[Task brief] Return each line exactly, beginning with the one that has "Vtcoria secret handkäska" and finishing with the final line of the material. Drop any pictures.

[Material provided]

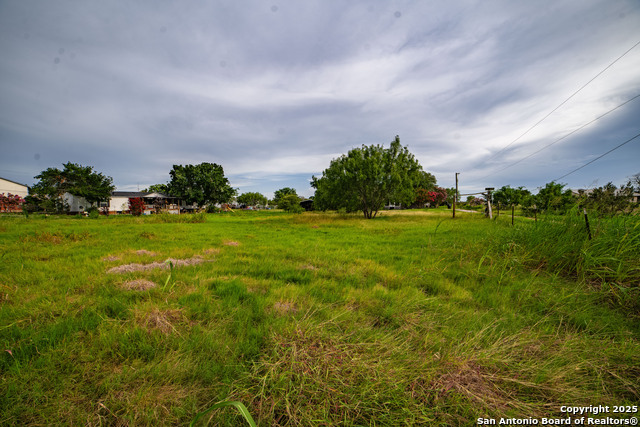 9470 Fm 1346 Property Photo 13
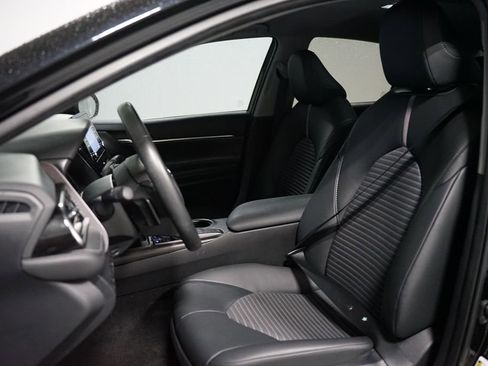 Used 2024 Toyota Camry SE w/ Convenience Package FWD image 6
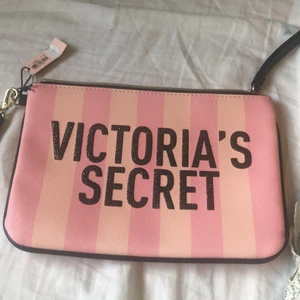 Vtcoria secret handkäska - Oanvänd i bra skick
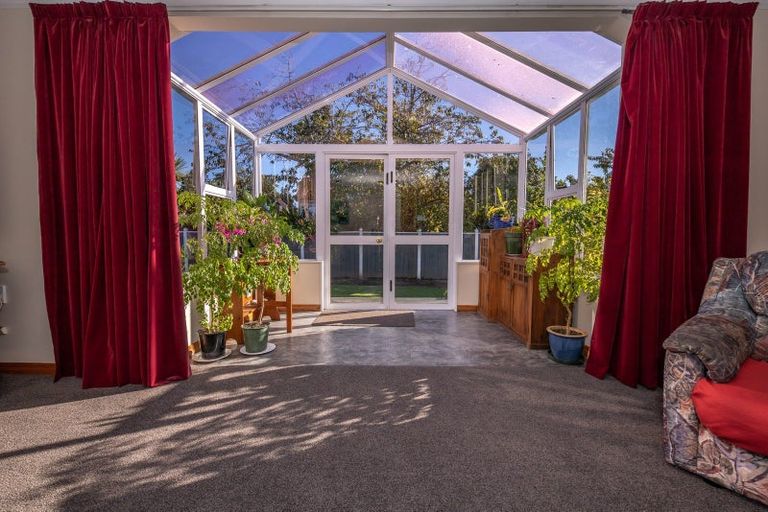 Photo of property in 30 Henley Street, Westport, 7825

[Written response]
 Vtcoria secret handkäska - Oanvänd i bra skick
 Photo of property in 30 Henley Street, Westport, 7825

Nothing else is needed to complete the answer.